Information given section start

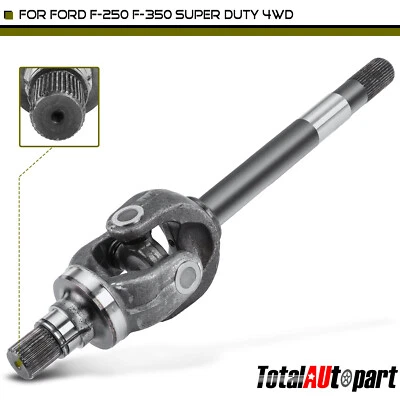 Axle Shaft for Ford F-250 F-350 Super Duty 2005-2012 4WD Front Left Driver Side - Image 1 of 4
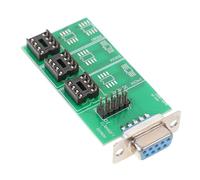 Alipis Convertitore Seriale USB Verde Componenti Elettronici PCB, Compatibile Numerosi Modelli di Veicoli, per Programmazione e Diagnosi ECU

Information given section end
Information given section start

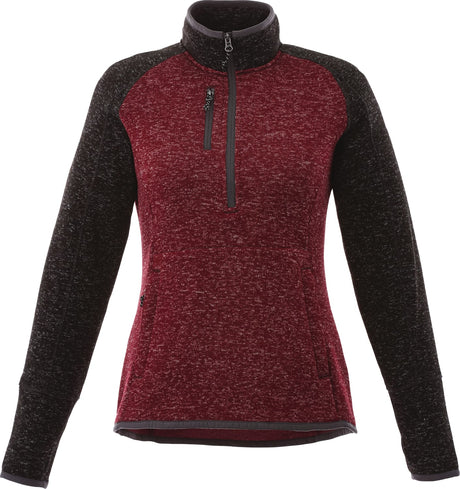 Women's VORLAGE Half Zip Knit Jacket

Information given section end

* **Task item**
Word for word, restate the lines above from the one with "Axle Shaft for" through the one with "Alipis Convertitore Seriale", keeping both ends and dropping the pictures.

* **The answer**
 Axle Shaft for Ford F-250 F-350 Super Duty 2005-2012 4WD Front Left Driver Side - Image 1 of 4
 Alipis Convertitore Seriale USB Verde Componenti Elettronici PCB, Compatibile Numerosi Modelli di Veicoli, per Programmazione e Diagnosi ECU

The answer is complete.